Secondly, social media is about two things - social and media.

You handled the social part pretty well. If you'll have your bot contact my bot, I'll have my bot explain the media part to your bot and then both our bots will have a clue. ;-)

I thought it was just me @blockurator, but "assflakes" got me too!!

It just sounds funny. :-)

Well said @denmarkguy! I completely agree ... with all of it :) Bots and automation take the social out of social media of any kind.

I absolutely love love love your personalized approach to your e-Bay customers too! The fact that they know and feel that you care enough to know something personal about them, certainly lends to the amount of trust they put in you, so of course, they're willing and eager to buy from you too. It's all about people, trust, and connections ... something that goes a long way in life, but unfortunately, something that many have forgotten.

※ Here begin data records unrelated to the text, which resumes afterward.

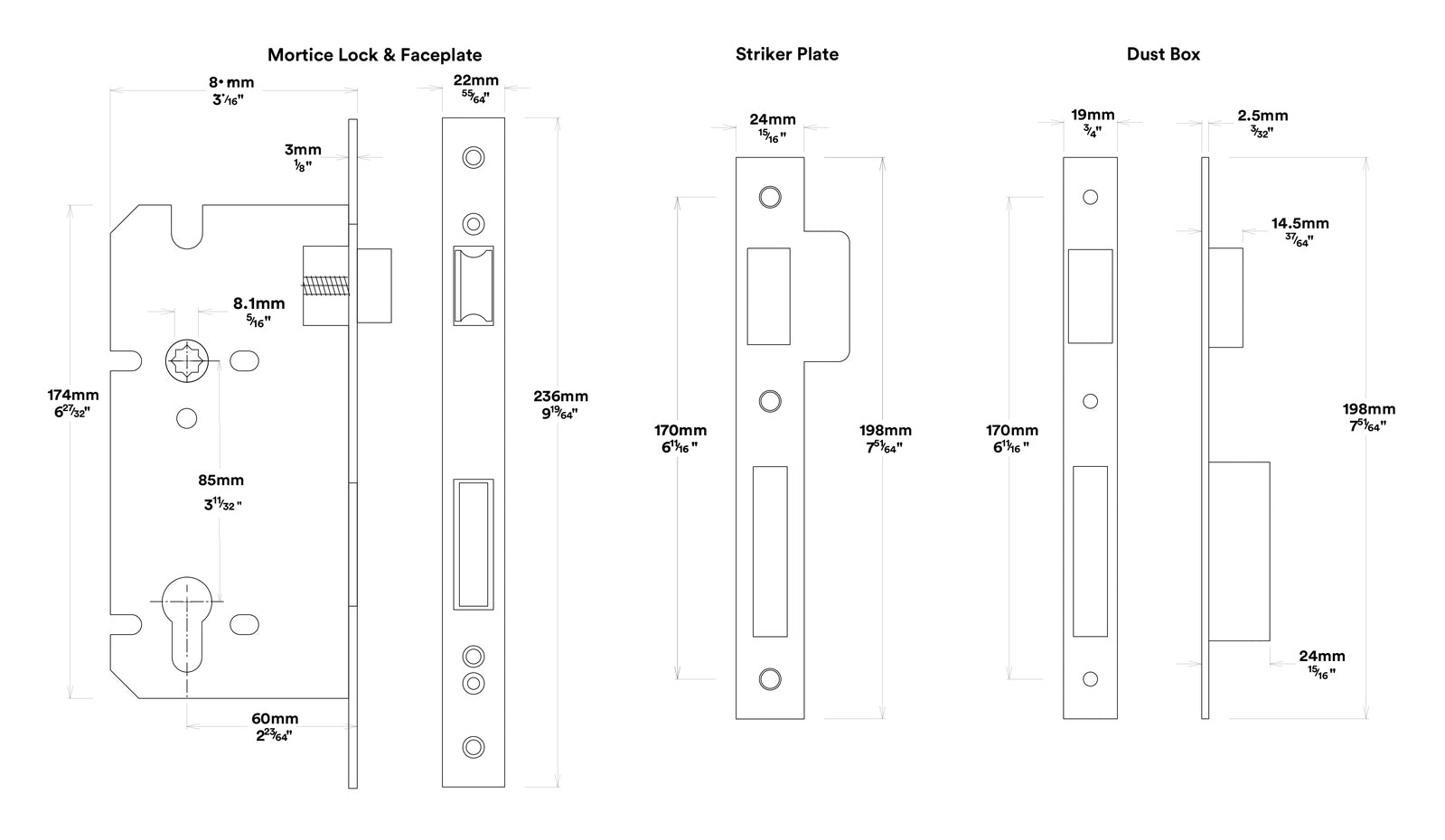 Iver Copenhagen Door Lever on Chamfered Backplate Entrance Kit Key/Thumb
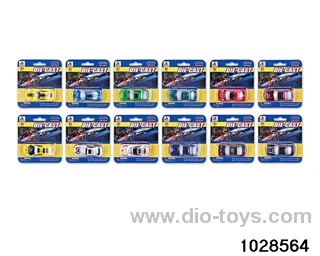 1:72 sliding alloy car in Blister card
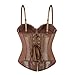 bawilom Corset Tops for Women Going Out Lace Mesh Date Night Fashion Outfits Clothes Crop Bustier Cute Party Club Strap Tank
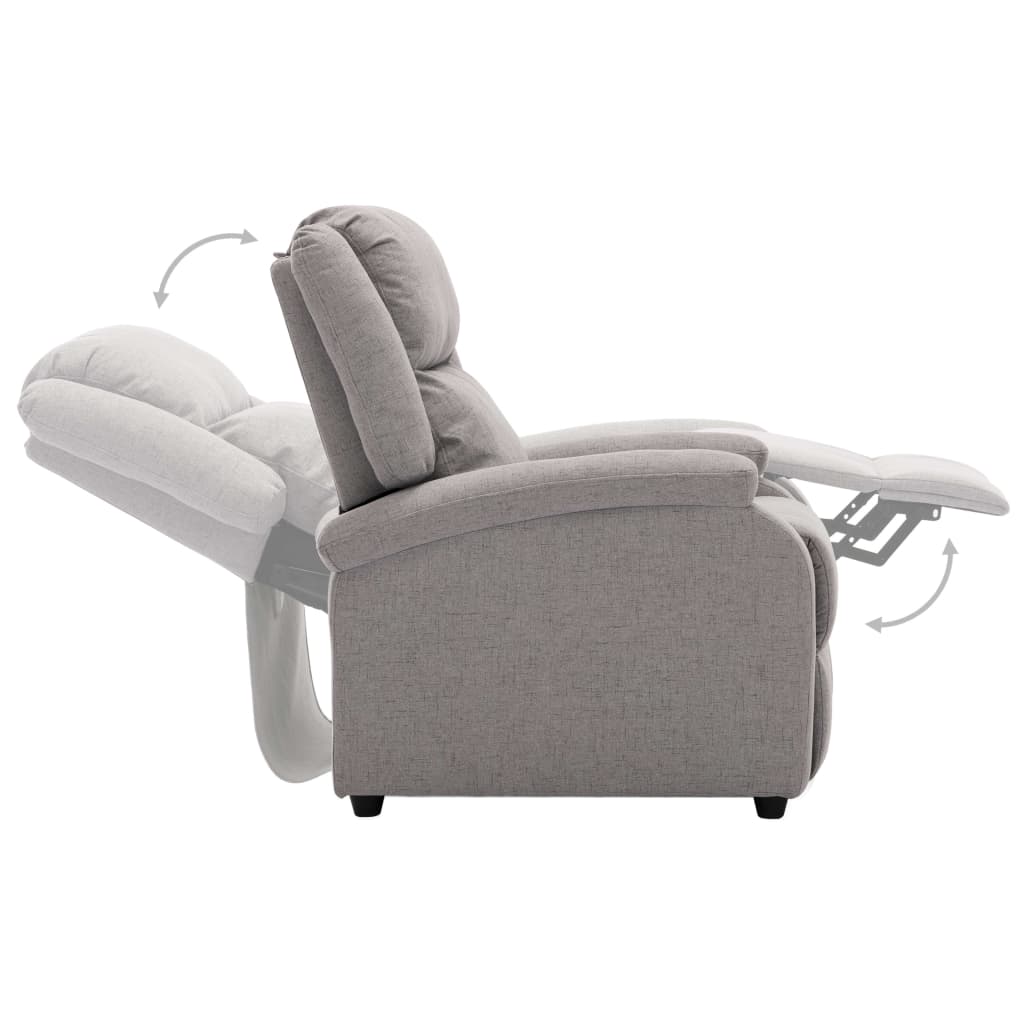 vidaXL Recliner Chair TV Recliner Sofa Seating with Adjustable Footrest Fabric-2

And lastly, assflakes! I've heard of asshats, assholes, ass...a bunch of other things...but never assflakes :) Love it! Thank you for adding to my vocabulary haha

Yeah, I liked the personalized eBay approach too. It certainly works, but it's time consuming, which is why lazy people look for automated ways of doing things.

Unfortunately, so true.

Sometimes it can get overwhelming to engage, engage, engage... but I rather work on that even if it s a little bit late (like now ;D) then to send out something that doesn't really mean anything.
Now that you mention it, it's true. There are more comments on my posts these days...
Wow on the personal emails you send out to your 600 eBay clients....
that's very commendable
Thank you for sharing these thoughts

Well said, interaction is the key on any social media but I have pruned mine down to one, steemit.